No, the attorney-client privilege isn’t dead, and neither is the crime fraud exception.
ABAJ: How will prosecutors handle privileged documents from Michael Cohen raids? by Stephanie Francis Ward:
President Donald Trump tweeted Tuesday that attorney-client privilege was “dead” after the FBI raid of his personal lawyer Mark Cohen’s New York office and hotel room, where agents reportedly sought records about two women who received payments to keep quiet after claiming they had affairs with Trump.
Experts say it’s quite possible that as Donald Trump was sending the tweet, a team of assistant U.S. attorneys, support staff and FBI analysts were beginning the start of what some see as a tedious yet important job—going through everything the government seized from Cohen, and setting aside any communication covered by attorney-client privilege to ensure that it’s not seen by those assigned to the investigation.
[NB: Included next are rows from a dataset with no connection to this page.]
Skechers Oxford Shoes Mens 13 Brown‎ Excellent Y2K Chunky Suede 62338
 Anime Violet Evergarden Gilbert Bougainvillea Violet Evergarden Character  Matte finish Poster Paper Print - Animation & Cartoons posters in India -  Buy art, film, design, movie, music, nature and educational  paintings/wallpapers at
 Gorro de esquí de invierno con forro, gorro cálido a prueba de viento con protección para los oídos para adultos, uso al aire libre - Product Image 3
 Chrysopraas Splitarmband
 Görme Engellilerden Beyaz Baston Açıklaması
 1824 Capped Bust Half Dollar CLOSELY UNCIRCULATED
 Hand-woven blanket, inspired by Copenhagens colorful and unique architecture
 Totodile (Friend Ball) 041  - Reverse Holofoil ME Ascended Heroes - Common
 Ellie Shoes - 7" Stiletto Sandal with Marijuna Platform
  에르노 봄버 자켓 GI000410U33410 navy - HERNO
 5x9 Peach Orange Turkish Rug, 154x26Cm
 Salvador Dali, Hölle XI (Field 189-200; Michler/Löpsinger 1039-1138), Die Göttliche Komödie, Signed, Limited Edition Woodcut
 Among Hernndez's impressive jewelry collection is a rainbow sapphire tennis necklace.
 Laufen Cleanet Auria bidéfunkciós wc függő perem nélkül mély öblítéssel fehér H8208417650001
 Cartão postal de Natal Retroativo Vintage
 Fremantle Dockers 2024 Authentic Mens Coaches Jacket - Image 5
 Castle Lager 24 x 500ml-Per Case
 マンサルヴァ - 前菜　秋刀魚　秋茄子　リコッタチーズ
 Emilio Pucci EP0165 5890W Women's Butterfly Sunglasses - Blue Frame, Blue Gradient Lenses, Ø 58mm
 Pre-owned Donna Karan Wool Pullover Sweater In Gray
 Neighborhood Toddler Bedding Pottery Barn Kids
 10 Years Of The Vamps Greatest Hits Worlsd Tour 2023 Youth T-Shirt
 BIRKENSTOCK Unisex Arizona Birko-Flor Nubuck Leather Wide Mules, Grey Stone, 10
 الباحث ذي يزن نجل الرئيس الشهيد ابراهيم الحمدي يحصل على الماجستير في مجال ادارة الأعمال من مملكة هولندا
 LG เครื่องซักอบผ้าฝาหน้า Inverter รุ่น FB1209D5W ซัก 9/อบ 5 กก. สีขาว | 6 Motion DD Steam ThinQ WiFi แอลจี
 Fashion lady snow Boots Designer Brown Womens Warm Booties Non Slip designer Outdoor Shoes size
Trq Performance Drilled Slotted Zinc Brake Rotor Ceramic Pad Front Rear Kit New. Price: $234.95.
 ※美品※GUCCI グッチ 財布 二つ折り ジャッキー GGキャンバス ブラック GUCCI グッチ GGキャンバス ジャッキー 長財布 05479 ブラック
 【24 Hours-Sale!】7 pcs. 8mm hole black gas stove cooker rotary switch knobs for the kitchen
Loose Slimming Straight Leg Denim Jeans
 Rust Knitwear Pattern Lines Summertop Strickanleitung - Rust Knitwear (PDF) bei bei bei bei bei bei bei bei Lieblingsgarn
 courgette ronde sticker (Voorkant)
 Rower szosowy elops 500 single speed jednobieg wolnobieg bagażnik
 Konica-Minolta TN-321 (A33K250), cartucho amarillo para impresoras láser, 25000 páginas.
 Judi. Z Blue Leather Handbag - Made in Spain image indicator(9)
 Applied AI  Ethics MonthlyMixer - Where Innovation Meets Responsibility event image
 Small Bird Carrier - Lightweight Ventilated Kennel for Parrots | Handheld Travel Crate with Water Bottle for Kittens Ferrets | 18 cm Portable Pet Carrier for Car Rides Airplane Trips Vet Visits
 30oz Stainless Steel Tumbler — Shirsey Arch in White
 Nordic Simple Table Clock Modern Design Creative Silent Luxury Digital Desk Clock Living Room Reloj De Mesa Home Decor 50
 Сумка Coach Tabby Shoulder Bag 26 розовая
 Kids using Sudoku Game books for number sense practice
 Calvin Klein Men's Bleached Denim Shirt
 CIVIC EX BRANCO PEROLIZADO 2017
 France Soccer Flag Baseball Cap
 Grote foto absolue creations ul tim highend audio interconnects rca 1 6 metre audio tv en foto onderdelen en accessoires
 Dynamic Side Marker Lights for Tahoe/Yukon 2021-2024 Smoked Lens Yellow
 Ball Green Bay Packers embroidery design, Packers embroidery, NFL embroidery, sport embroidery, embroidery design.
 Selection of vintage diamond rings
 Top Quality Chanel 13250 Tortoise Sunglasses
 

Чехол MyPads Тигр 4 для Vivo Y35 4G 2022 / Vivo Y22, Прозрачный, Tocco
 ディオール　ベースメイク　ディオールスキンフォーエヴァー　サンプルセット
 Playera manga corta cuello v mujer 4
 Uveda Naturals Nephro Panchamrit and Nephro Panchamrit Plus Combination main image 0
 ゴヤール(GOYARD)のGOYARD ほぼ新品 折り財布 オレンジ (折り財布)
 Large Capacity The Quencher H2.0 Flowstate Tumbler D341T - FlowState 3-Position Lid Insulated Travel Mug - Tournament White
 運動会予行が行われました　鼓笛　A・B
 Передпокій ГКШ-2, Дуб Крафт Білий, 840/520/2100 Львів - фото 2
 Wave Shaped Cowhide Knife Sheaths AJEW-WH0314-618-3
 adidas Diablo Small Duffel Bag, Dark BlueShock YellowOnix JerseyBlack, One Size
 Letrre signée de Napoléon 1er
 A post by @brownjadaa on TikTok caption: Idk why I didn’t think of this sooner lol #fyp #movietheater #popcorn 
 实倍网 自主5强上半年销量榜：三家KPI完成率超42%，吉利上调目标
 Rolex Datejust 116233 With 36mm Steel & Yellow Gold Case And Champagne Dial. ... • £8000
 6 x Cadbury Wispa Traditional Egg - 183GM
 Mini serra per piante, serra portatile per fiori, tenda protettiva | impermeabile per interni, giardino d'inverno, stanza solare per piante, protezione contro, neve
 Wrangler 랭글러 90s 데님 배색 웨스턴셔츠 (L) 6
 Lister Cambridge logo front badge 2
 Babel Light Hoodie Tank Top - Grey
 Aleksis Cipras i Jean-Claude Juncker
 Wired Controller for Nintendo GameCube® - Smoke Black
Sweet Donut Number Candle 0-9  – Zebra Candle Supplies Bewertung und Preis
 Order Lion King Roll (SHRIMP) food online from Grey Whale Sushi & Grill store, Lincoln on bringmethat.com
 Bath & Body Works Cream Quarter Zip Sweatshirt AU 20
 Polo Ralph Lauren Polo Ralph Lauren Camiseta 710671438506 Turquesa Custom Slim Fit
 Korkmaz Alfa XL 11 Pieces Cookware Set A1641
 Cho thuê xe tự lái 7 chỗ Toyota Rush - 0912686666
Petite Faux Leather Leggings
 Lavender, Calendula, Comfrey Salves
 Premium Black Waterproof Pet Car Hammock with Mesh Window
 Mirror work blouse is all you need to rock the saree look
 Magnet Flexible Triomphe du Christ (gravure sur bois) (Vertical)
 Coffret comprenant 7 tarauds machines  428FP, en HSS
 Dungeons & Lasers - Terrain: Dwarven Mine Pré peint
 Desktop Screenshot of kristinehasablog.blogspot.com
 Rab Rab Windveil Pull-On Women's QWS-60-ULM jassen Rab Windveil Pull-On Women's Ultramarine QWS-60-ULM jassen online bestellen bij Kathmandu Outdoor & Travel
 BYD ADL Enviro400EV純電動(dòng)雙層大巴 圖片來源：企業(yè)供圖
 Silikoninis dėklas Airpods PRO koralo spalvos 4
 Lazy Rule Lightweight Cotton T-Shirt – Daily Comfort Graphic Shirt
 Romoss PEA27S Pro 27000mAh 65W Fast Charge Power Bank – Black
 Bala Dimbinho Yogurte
Given the protections that courts provide for attorney-client communications, the U.S. Attorney’s Manual has specific guidelines for searching a lawyer’s premises, and its first direction is that less intrusive ways of getting documents, like requesting voluntary cooperation or using subpoenas, are preferable. Searches are appropriate if the government thinks that less intrusive means could compromise a criminal investigation or prosecution or result in the destruction of evidence.